There was a squeal of metal and out of the drill came a long, fine sting. It grew in length and Jarman moved a dial so the squeal rose into a scream.

“Everyone ready?” he said. “We'll do the boy first. It's just five little holes, Millie. I'll create perfection, with just five little holes.”

Chapter Forty-six

Back in the headmaster's study, the chainsaw screech of grinders had obliterated hearing and the children were working by sign language. Asilah had done the locks on the grille, slicing through steel. They hauled it back and played flashlights into the well of the lift shaft. Black cables ran down into an impossibly deep hole. The flashlights illuminated black space and nothing more, but nobody hesitated. They all had gloves so, led by Sanjay, they leaped for the wires and slid down, down, down into the inky darkness.

Their boots gave good friction, but the journey was long. It was as if they were going to the center of the earth. Israel landed first and started to help the others onto the top of the lift car. Instinctively now, they worked in silence.

Tomaz had found the trapdoor in the roof and had it open: the hatchway was small.

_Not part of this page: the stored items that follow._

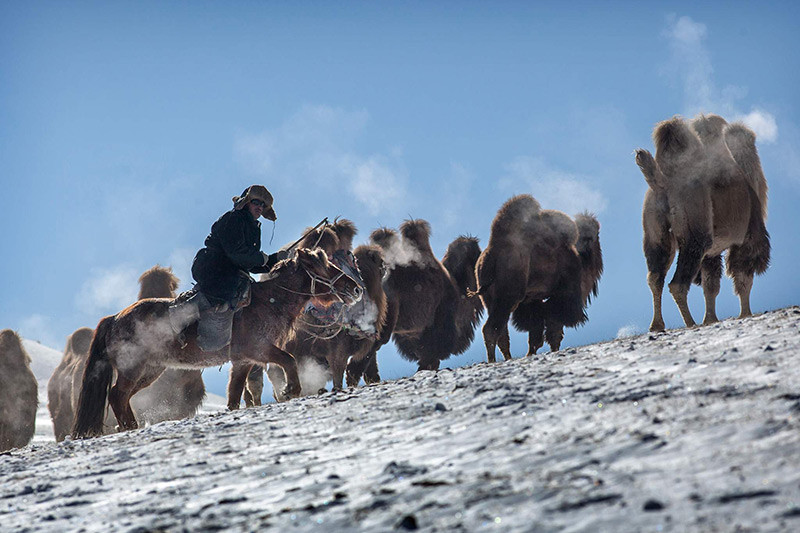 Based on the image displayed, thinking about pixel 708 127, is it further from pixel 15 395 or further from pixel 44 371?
pixel 44 371

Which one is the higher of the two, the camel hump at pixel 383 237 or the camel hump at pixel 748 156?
the camel hump at pixel 383 237

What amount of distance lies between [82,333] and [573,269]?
9255mm

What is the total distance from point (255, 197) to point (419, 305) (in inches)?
225

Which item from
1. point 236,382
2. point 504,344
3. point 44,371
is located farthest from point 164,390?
point 44,371

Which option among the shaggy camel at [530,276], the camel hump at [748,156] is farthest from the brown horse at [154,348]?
the camel hump at [748,156]

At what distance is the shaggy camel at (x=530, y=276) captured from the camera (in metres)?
12.5

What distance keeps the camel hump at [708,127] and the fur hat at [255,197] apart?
210 inches

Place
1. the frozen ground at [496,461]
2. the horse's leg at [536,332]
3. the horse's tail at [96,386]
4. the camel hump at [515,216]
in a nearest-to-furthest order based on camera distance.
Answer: the frozen ground at [496,461] → the horse's tail at [96,386] → the camel hump at [515,216] → the horse's leg at [536,332]

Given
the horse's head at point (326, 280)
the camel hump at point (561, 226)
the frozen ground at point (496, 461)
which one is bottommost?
the frozen ground at point (496, 461)

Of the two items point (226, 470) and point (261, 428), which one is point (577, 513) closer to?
point (226, 470)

There wasn't room for many. Asilah dropped through with Sanjay, and then they helped Sanchez. In the jumping flashlights and the crush of boys, he had his gun out. He stared at the lift doors. Another metal grille and a second door that looked like thin steel. Asilah waved his hand and Podma swung the grinder down toward him. Eric guided it through the hatch.

*

Meanwhile, at the main gate, Ruskin kept the van idling. He was getting more used to it now, and while the orphans clambered out
of the back and chained up the entrance, he and Sam successfully maneuvered the vehicle around.

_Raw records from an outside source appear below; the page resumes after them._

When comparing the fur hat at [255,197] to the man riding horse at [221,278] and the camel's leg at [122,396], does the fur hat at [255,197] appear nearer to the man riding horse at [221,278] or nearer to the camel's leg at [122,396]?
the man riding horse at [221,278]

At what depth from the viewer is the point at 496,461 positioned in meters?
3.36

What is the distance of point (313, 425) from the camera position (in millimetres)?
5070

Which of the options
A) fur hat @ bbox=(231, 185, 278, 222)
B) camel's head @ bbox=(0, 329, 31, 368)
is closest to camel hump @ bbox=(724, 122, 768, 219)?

“Where did they learn this, Ruskin?” said Sam, wonderingly.

“I think a lot of it is instinct. Asilah was giving the orders and it all seemed to come naturally. Do you want to drive back? How's your eyesight these days?”

“Black and white still.”

“I'll do the gears, you have a go at steering.”

As the boys swapped seats, Israel finished wrapping the gates in chain. Vijay lit the burner and in seconds had the pressure right. The rods melted in crackling bolts of lightning, and in less than a minute the chain was spot-welded into an unbreakable mass: the gates were sealed. They dragged everything back into the van and Sam dipped the clutch.

“Go!” shouted Vijay.

“First gear, Sam: go!” yelled Ruskin.

They reversed three meters and slammed into a gatepost. There was a blast of car horn and Ruskin wrestled with the gearstick. The van shunted forward this time, in a huge kangaroo leap. They stalled.

“Easily done,” said Ruskin. “The clutch is more delicate than you think.”

“I think there's someone behind us,” said Sam.

Everyone turned to look out of the rear doors, mashed as they were. A pair of headlights shone dazzlingly bright, glinting through the shattered glass. You could just see the little lamp on the roof.